Confess Your Design Sins! #DesignLUX Praises Ecclesiastic Design & Architecture
The team at DCoopMedia can't believe that we're already flipping our calendars to the month of April. Wasn't it just yesterday that we were talking about what we'd be doing for New Year's Eve? (Spoiler alert: Did nothing and enjoyed every moment of it).
As we still haven't yet figured out how to turn back the hands of time, we're instead looking forward to Spring. Chances are that, with Easter approaching April 5th and the start of Passover on April 3rd, most of us will find ourselves in a church, synagogue, or other ecclesiastic edifice at some point in the upcoming weeks. And be it from the comfort of a solid wood pew, a metal folding chair, or a cushy seat, I'm certain that we have all, at one point or another, let our eyes wander, taking stock of the architecture of our surroundings. Good or bad, ultimately it's familiar and designed to serve just one purpose - to honor the presence of a higher power.

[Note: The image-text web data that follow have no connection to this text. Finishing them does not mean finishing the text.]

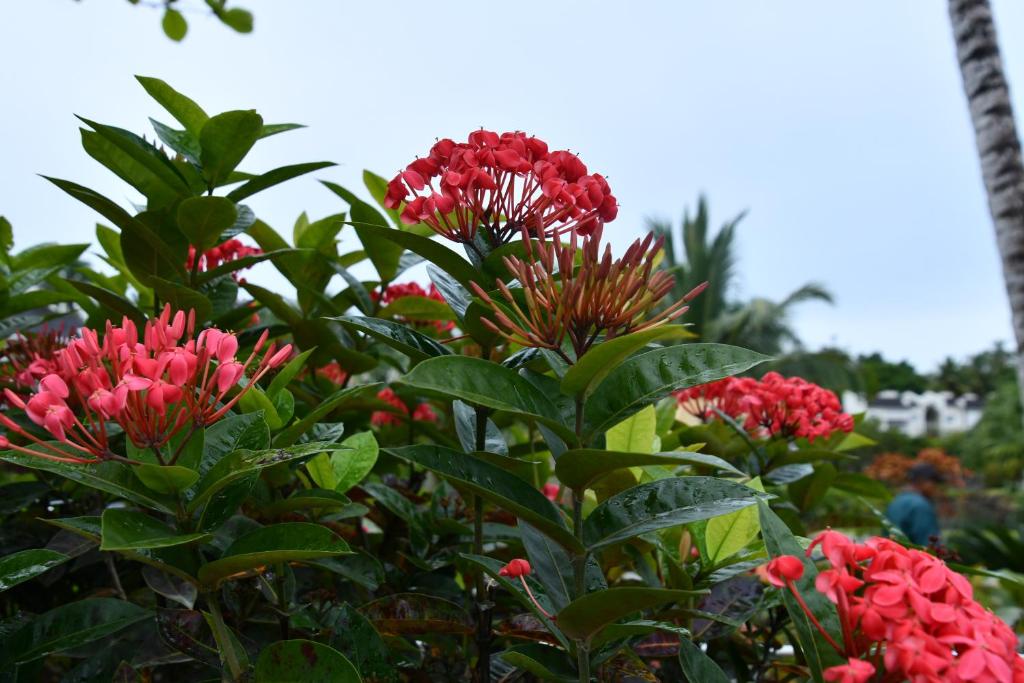 Surrounding environment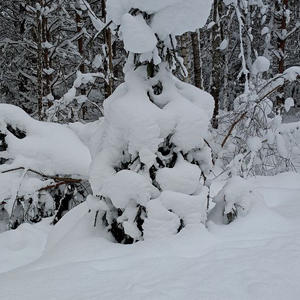 Про Селигер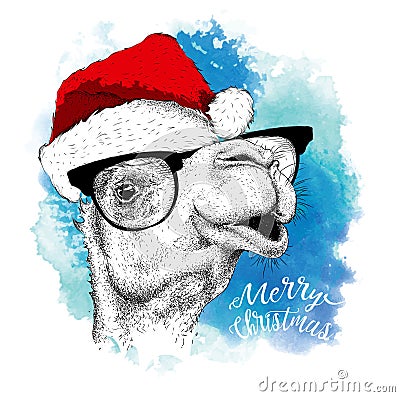 The christmas poster with the image camel portrait in Santa`s hat. Vector illustration. Vector Illustration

For centuries, the house of worship has been the centerpiece of every community around the world. The heavily ornamented spires of a medieval cathedral piercing the skyline of a European city square, the simple bell tower of an early American chapel peeking out from between the trees of a Southern town, or a modern glass encased spectacle of modern architecture, these structures are oftentimes inspired masterpieces of architecture, perfect examples of vernacular design, the best the world of design had to offer at the time of their creation.

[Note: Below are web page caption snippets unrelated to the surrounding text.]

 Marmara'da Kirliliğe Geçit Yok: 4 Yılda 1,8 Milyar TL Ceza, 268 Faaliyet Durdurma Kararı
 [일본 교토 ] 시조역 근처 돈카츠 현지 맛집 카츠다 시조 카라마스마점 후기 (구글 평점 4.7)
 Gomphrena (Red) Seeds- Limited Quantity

This is why this Thursday, April 2nd, #DesignLUX will be raising our hands, hearts, and voices to the proverbial roof with a discussion centered on ecclesiastic architecture. From 400 year old French cathedrals to newly constructed buildings designed to honor both a higher power and Mother Earth, we'll talk architecture, design, and maybe even a bit of nostalgia. Houses of Worship of all religions are welcome and we certainly hope to see your favorites in the mix.